Motor controller 370 may be housed inside a pressure-controlled cavity to protect the electronics. Motor controller 370 may be coated with a ceramic coating to allow for the cavity to be oil filled and pressure balanced with its surrounding environment, thereby allowing for a thinner housing wall, leaving more space for the electronics, and providing for better cooling of the electronics.
Conductors 375, which are stuffed through glands at sealed bulkhead interfaces 385, lead out to the stator windings 140 and optional sensors below. Electronics insert 340 may include one or more ground lines 360, which are stuffed through glands at sealed bulkhead interfaces 380. Ground lines 360 provide a return electrical path to outer pipe 120. Ground lines 360 may be sealed from the drilling fluid by O-rings 381 and 382 or by other means to prevent damage from corrosive conditions.
Flow restrictor 230 is designed to pass a small amount of drilling fluid to cool stator windings 140 and lubricate lower radial and thrust bearing assembly 390 of the electric steering motor 84′. For example, flow restrictor 230 may have a small gap flow path formed therethrough to allow for drilling fluid flow.

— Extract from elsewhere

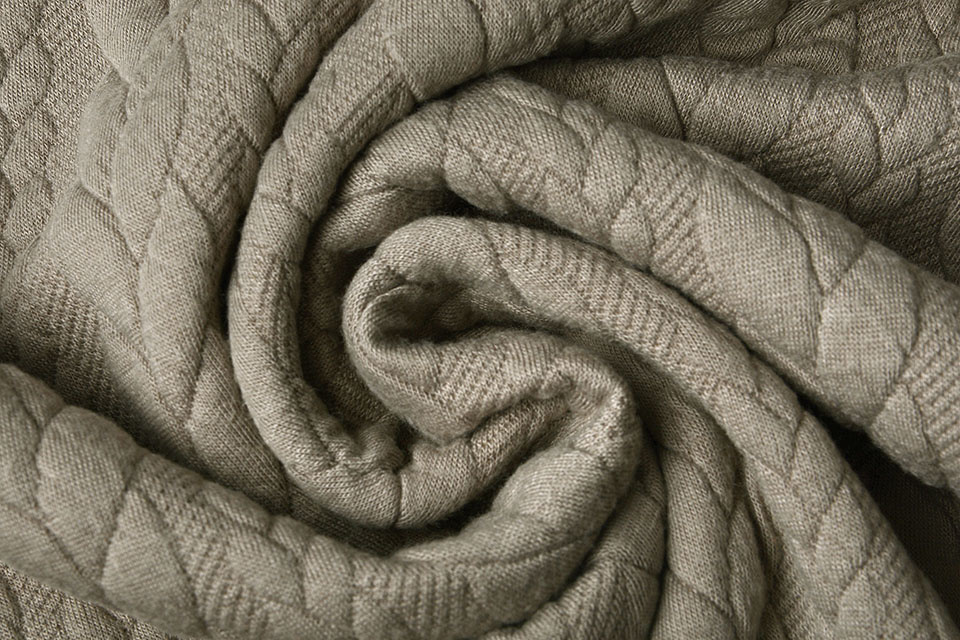 Knitted Cable Fabric Tricot Taupe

Flow restrictor 230 may be made of erosion-resistant material such as tungsten carbide or a cobalt-based alloy like Stellite. In an embodiment, flow restrictor 230 may also double as an upper radial bearing 240. In other embodiments, a separate upper radial bearing may be provided. Radial bearing 240 may include marine rubber, polycrystalline diamond compact, fused tungsten carbide, or other suitable coatings or bearing materials.
Although shown as located at the top of rotor 170, flow restrictor 230 may be positioned anywhere along either flow path so long as it appropriately proportions drilling fluid flow between the two flow paths to provide adequate stator cooling and bearing lubrication while maintaining ample drilling fluid flow to downhole mud motor 82 and drill bit 80 (
An optional mid-radial bearing 380 may be provided, which may be lubricated by drilling fluid flow as described above. An elastomeric marine bearing, roller, ball, journal or other type bearing may be used for mid-radial bearing 380. A lower bearing assembly 390 may be provided for radial and axial support to rotor 170.
Rotor 170 extends beyond the bottom of motor housing 160 and terminates in a connector 300 to drive to downhole motor 82 (
Stator head(s) 290 are made of a soft iron with a high permeability. Stator windings 140 may be formed using magnetic wire, which may be made of silver, copper, aluminum, or any conductive element, coated with varnish, polyether ether ketone (PEEK), or other dielectric material. Stator windings 140 may make many wraps around stator heads 290. Optionally, a potting material, such as a ceramic, rubber, or high temperature epoxy, may be disposed over the top of and/or embedded into the stator windings 140. This potting material may be used to protect the stator windings 140 from corrosion and erosion from contact with drilling fluid. Further, the potting provides additional short circuit protection above the basic coating provided by the magnetic wire.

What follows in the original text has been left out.